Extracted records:
::::::::::

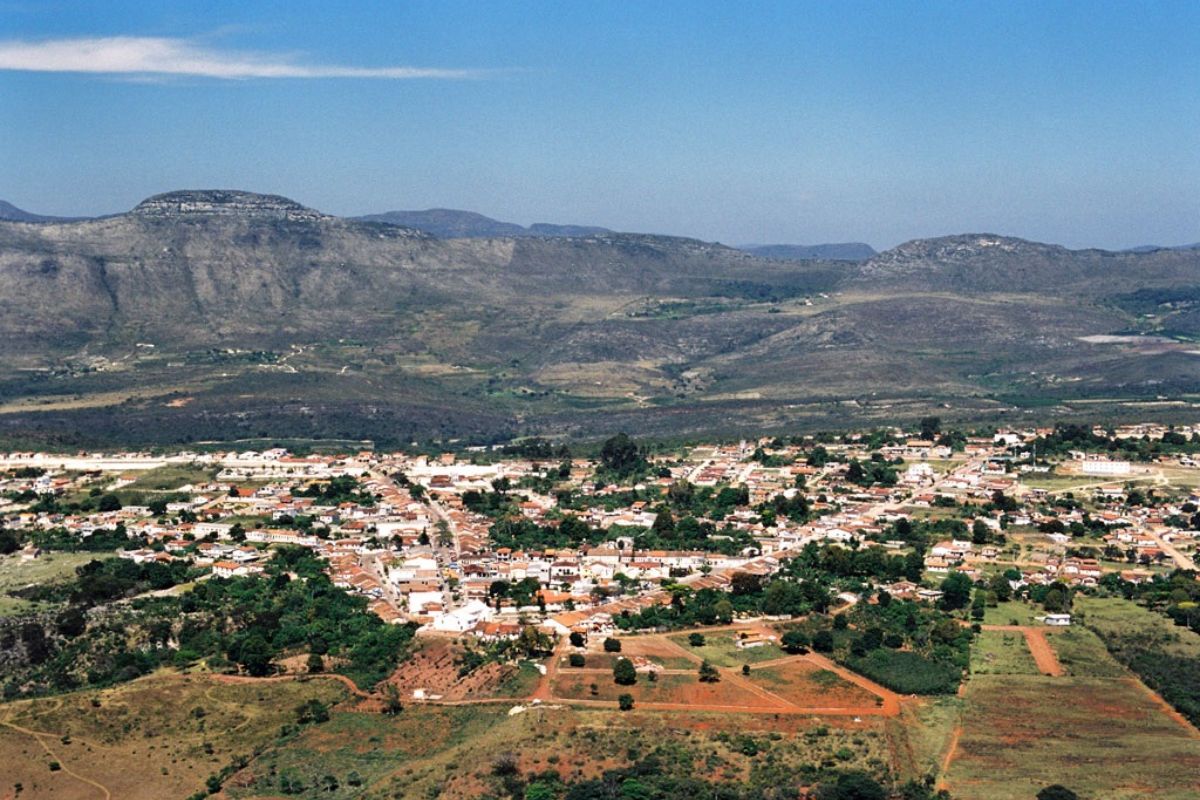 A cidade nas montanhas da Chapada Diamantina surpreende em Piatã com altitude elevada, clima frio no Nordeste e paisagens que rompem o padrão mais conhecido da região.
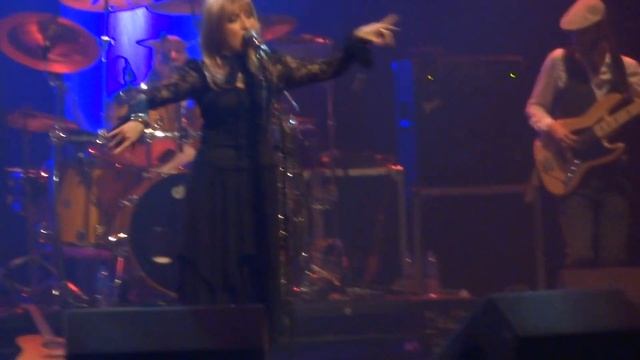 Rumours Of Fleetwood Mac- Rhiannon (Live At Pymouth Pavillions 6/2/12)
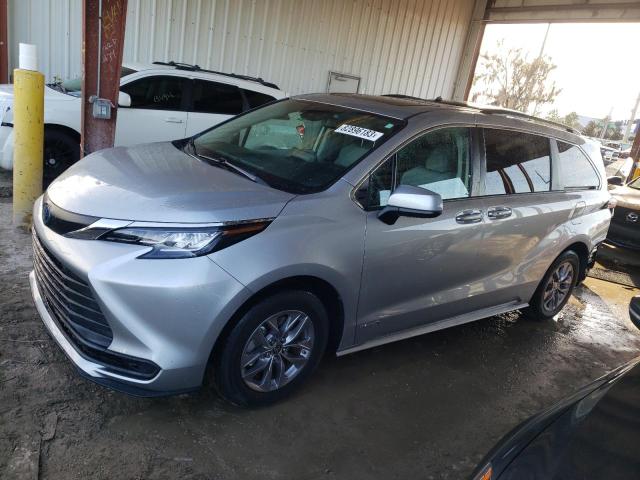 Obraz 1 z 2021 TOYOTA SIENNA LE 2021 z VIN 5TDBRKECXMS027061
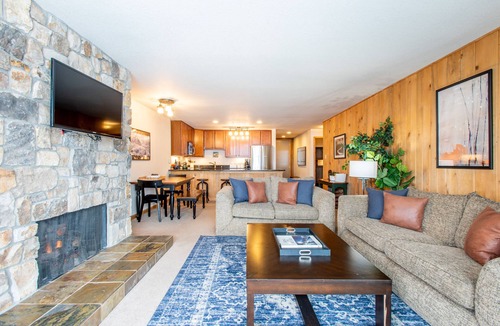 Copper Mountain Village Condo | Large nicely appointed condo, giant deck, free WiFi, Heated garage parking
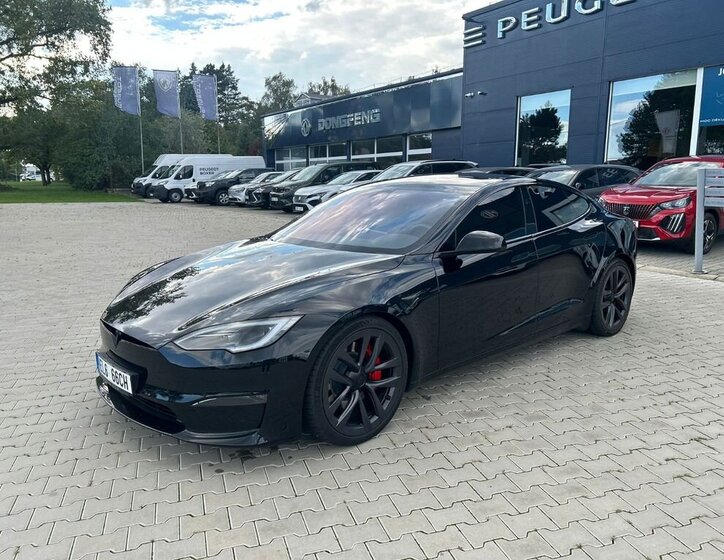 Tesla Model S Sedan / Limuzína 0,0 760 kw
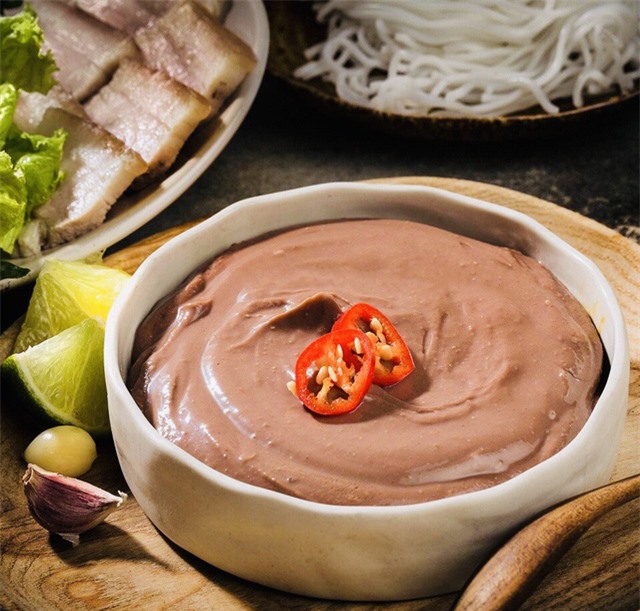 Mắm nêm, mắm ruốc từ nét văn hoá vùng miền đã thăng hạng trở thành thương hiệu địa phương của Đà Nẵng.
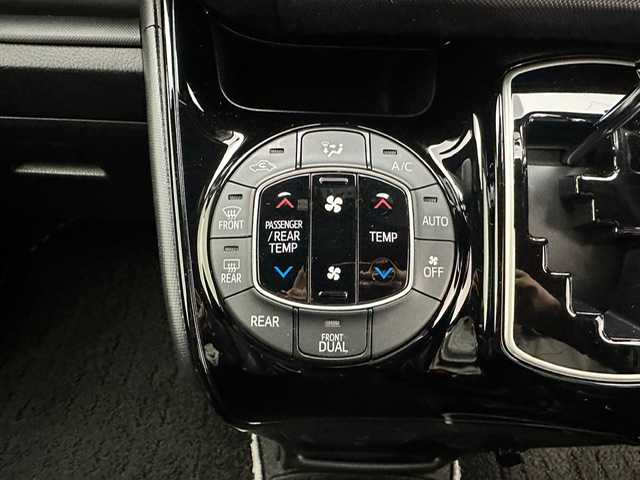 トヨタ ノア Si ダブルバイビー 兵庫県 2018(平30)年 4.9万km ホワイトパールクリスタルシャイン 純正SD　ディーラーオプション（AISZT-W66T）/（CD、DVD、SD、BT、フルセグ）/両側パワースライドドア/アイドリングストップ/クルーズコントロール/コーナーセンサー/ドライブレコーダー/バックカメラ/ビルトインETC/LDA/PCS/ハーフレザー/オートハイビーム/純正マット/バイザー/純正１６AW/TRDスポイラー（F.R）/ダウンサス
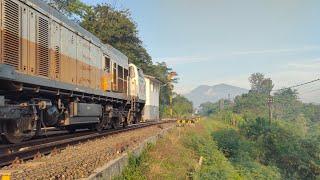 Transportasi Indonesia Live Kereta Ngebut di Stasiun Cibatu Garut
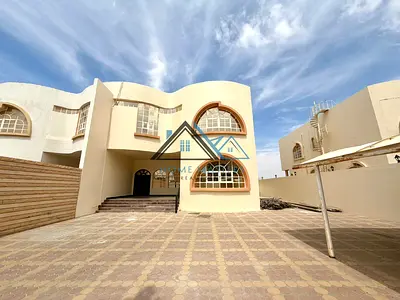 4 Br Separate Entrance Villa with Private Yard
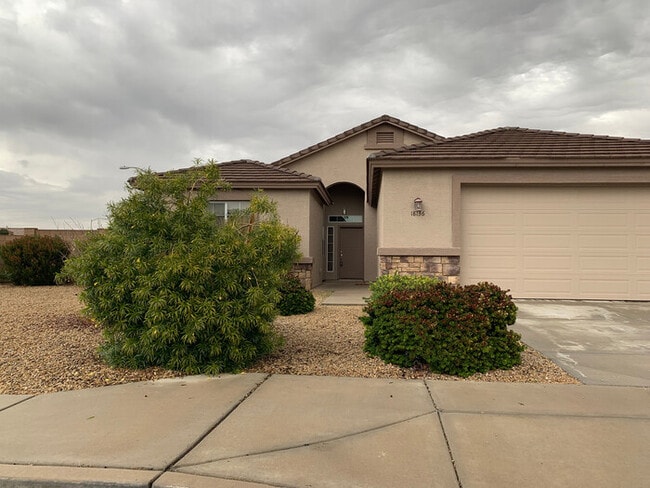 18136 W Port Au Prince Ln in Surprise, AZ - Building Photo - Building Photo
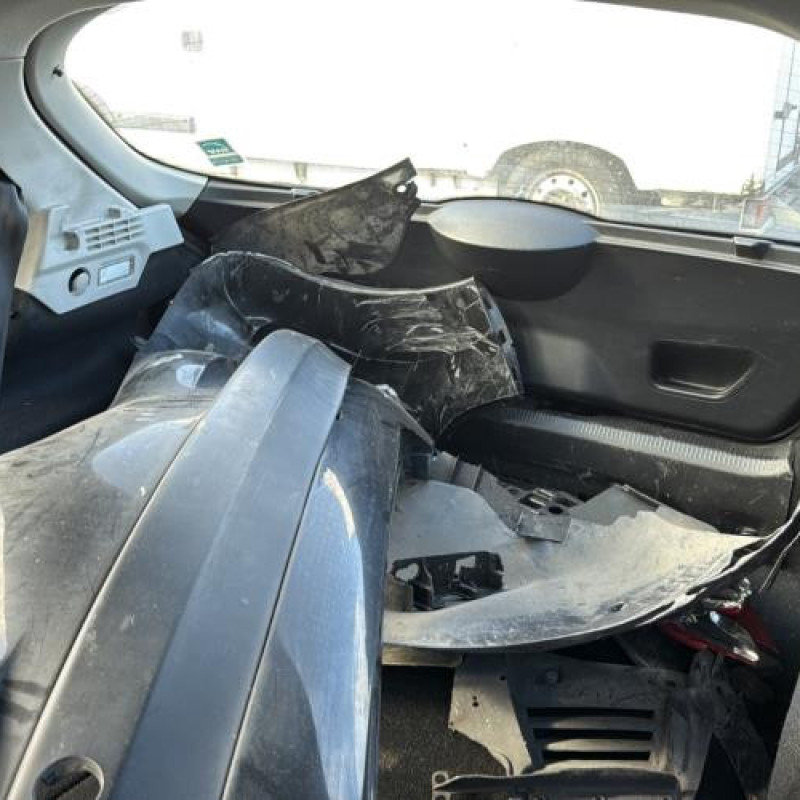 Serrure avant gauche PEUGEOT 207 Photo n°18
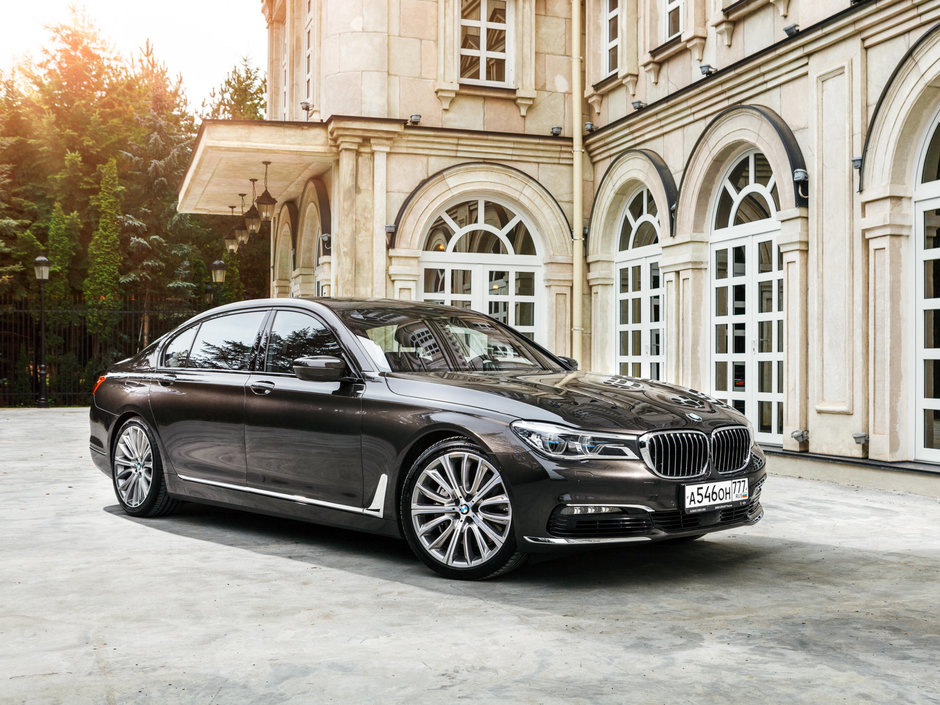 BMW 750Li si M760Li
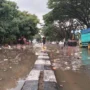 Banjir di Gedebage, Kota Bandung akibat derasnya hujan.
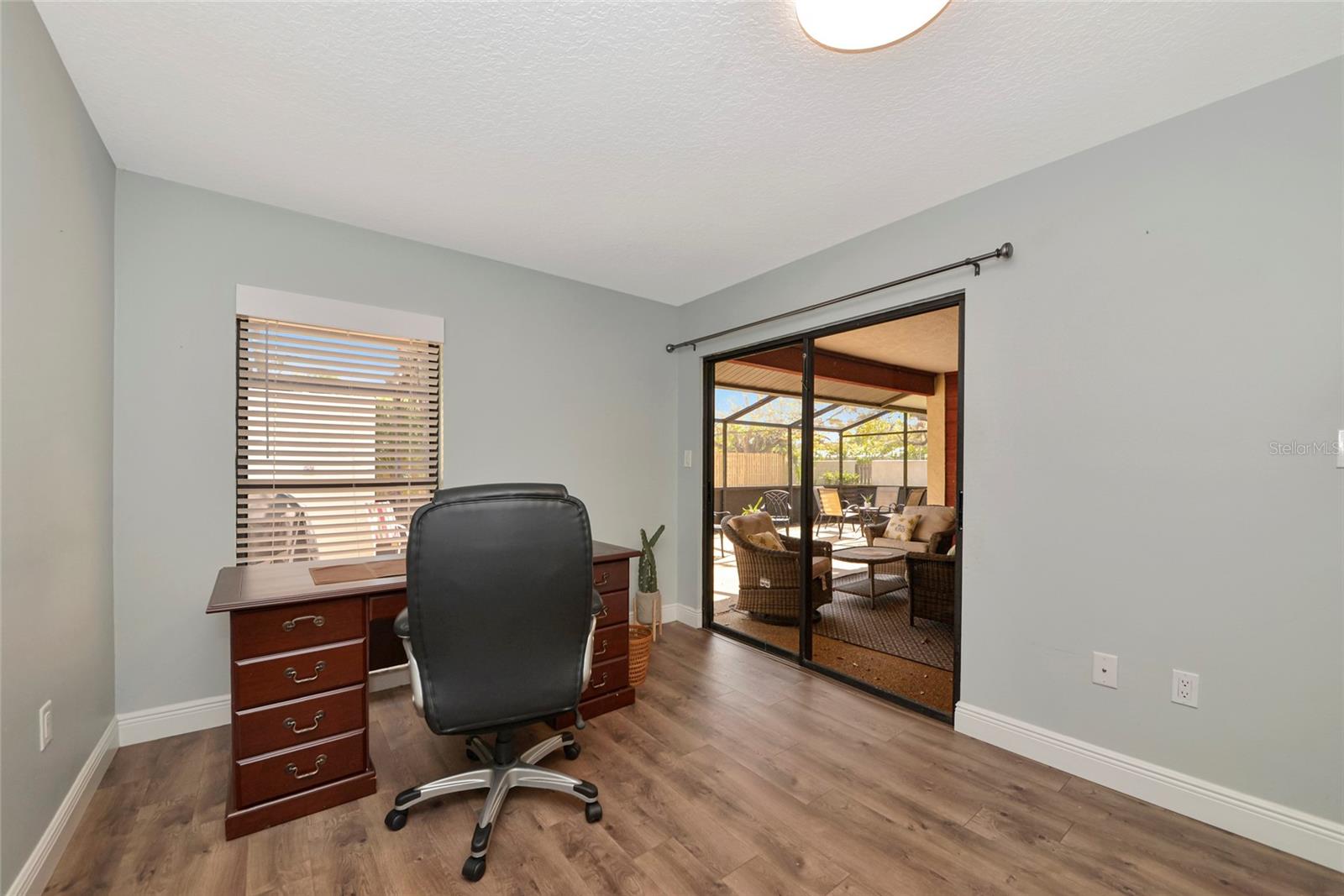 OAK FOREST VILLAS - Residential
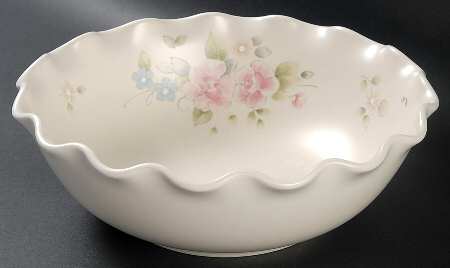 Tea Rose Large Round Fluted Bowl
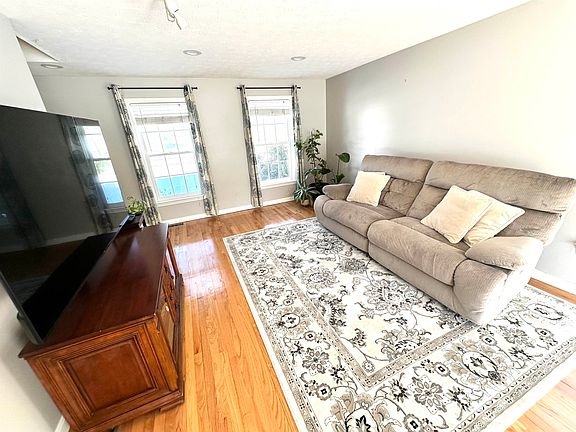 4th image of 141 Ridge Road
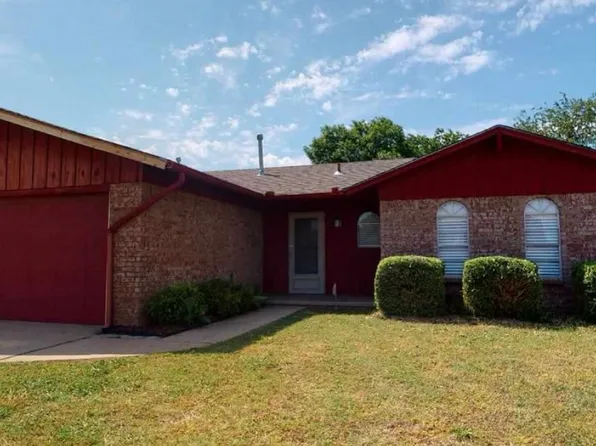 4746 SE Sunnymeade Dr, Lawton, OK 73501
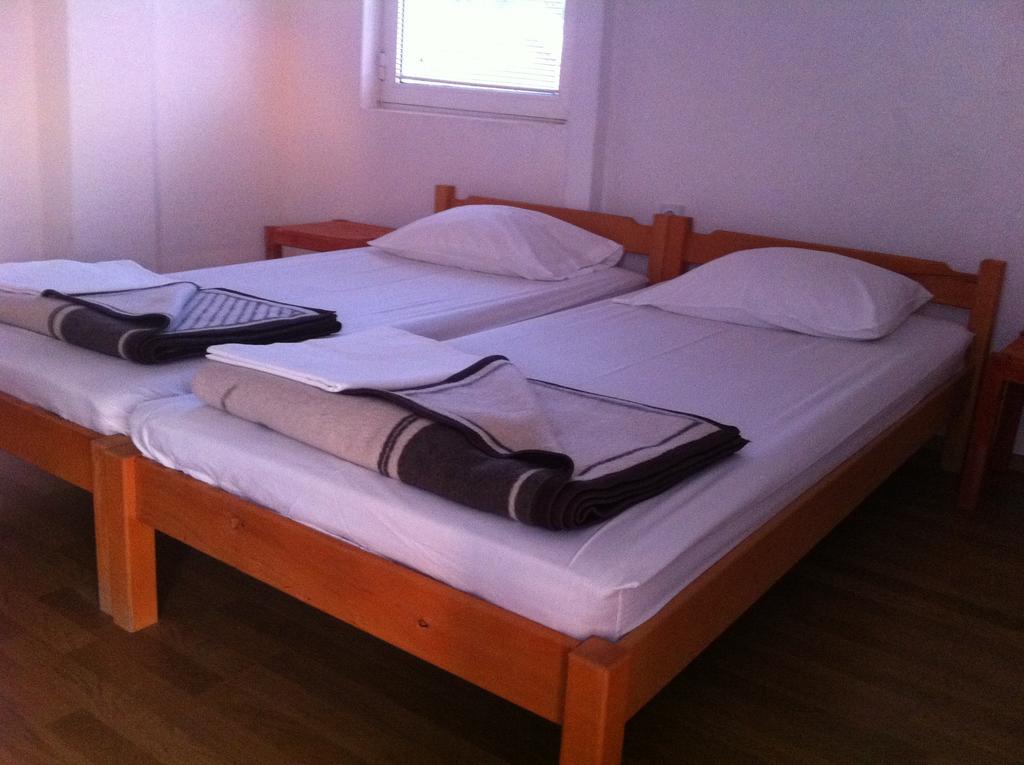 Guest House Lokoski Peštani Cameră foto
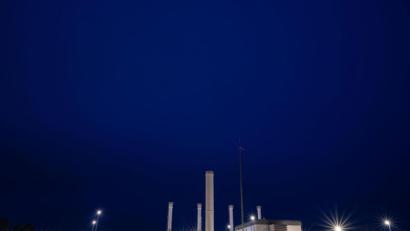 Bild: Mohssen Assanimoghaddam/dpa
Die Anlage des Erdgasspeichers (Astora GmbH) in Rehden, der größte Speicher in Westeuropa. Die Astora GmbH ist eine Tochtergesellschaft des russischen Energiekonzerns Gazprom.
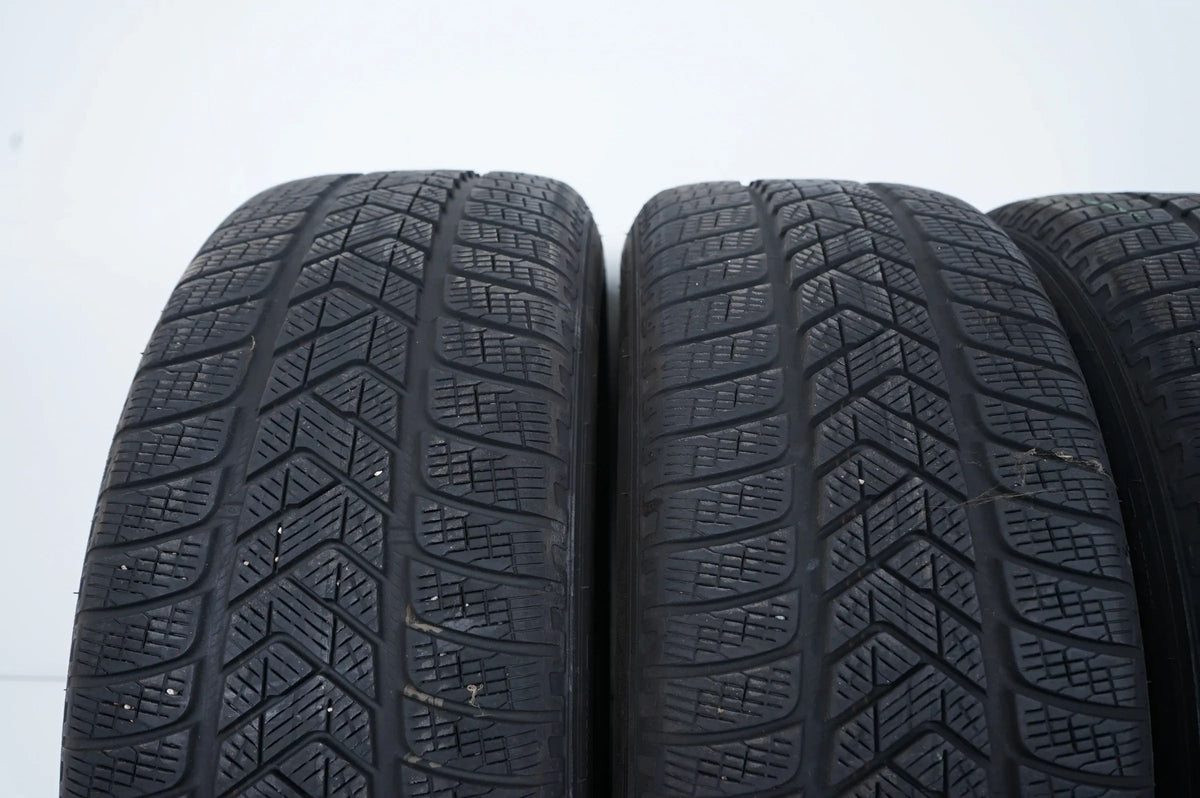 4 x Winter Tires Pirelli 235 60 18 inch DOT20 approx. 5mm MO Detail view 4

::::::::::

EXERCISE DESCRIPTION: Exactly as they appear, repeat the lines from the one containing "Rumours Of Fleetwood" through the last line of the entries, counting both ends. Pictures stay out.

SOLUTION TO THIS PROBLEM:
 Rumours Of Fleetwood Mac- Rhiannon (Live At Pymouth Pavillions 6/2/12)
 Obraz 1 z 2021 TOYOTA SIENNA LE 2021 z VIN 5TDBRKECXMS027061
 Copper Mountain Village Condo | Large nicely appointed condo, giant deck, free WiFi, Heated garage parking
 Tesla Model S Sedan / Limuzína 0,0 760 kw
 Mắm nêm, mắm ruốc từ nét văn hoá vùng miền đã thăng hạng trở thành thương hiệu địa phương của Đà Nẵng.
 トヨタ ノア Si ダブルバイビー 兵庫県 2018(平30)年 4.9万km ホワイトパールクリスタルシャイン 純正SD　ディーラーオプション（AISZT-W66T）/（CD、DVD、SD、BT、フルセグ）/両側パワースライドドア/アイドリングストップ/クルーズコントロール/コーナーセンサー/ドライブレコーダー/バックカメラ/ビルトインETC/LDA/PCS/ハーフレザー/オートハイビーム/純正マット/バイザー/純正１６AW/TRDスポイラー（F.R）/ダウンサス
 Transportasi Indonesia Live Kereta Ngebut di Stasiun Cibatu Garut
 4 Br Separate Entrance Villa with Private Yard
 18136 W Port Au Prince Ln in Surprise, AZ - Building Photo - Building Photo
 Serrure avant gauche PEUGEOT 207 Photo n°18
 BMW 750Li si M760Li
 Banjir di Gedebage, Kota Bandung akibat derasnya hujan.
 OAK FOREST VILLAS - Residential
 Tea Rose Large Round Fluted Bowl
 4th image of 141 Ridge Road
 4746 SE Sunnymeade Dr, Lawton, OK 73501
 Guest House Lokoski Peštani Cameră foto
 Bild: Mohssen Assanimoghaddam/dpa
Die Anlage des Erdgasspeichers (Astora GmbH) in Rehden, der größte Speicher in Westeuropa. Die Astora GmbH ist eine Tochtergesellschaft des russischen Energiekonzerns Gazprom.
 4 x Winter Tires Pirelli 235 60 18 inch DOT20 approx. 5mm MO Detail view 4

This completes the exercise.